From the moment it opened on the first of May in the Crystal Palace in Hyde Park, London, the Great Exhibition of 1851 was one of the defining events of the Victorian period. It stood not only as a visible symbol of British industrial and technological progress but as a figure for modernity--a figure that has often been thought to convey one coherent message and vision of culture and society.
This volume examines the place occupied both materially and discursively by the Crystal Palace and other nineteenth- and twentieth-century exhibitions in the struggle to understand what it means to be modern. Initiated in part by a number of conferences held in 2001 to commemorate the 150th anniversary of the Crystal Palace, Victorian Prism provides new perspectives to historians, literary critics, art historians, and others interested in how a large glass building in a London park could refract meaning from Caracas to Calcutta.
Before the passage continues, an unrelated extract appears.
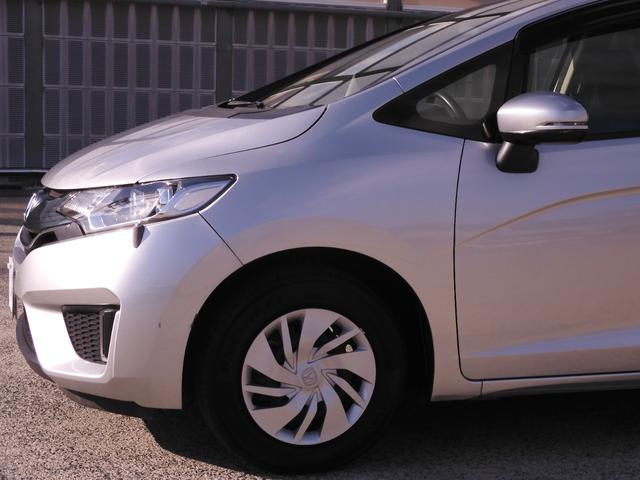 フィット １３Ｇ・Ｌパッケージ　ワンオーナー　９インチ純正ナビ　バックカメラ　ＥＴＣ　Ｂｌｕｅｔｏｏｔｈ　ＬＥＤヘッドライト　横滑り防止装置　スマートキー　盗難防止装置　ＣＤ　ＤＶＤ　ワンセグＴＶ　オートライト　ＡＢＳ　禁煙車（30枚目）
In its investigations of the ways of knowing and shaping the world that emerged during the planning and execution of this first "world's fair," Victorian Prism not only restores the multiplicity of experiences and other determining factors to our picture of the Great Exhibition; it makes reevaluation of the exhibition and its legacies the occasion for reevaluating modernity itself in its broadest sense--as the cultures, potentialities, and liabilities of the Enlightenment.
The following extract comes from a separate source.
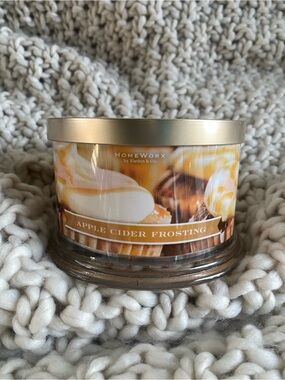 HomeWorx Apple Cider Frosting Scented Candle - Cream/Gold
With essays by a number of leading scholars in their fields, the collection as a whole focuses on how these exhibitions, in attempting to define the cultures of their day, incorporated a range of conflicting ideologies and agendas. In doing so, it offers a richer, more complex understanding of the experience of modernity than we have previously acknowledged. The volume also addresses the ways in which the cultural processes and tendencies brought together in these exhibitions have been refracted down to the present, thus informing and complicating our own relationship to both modernity and postmodernity.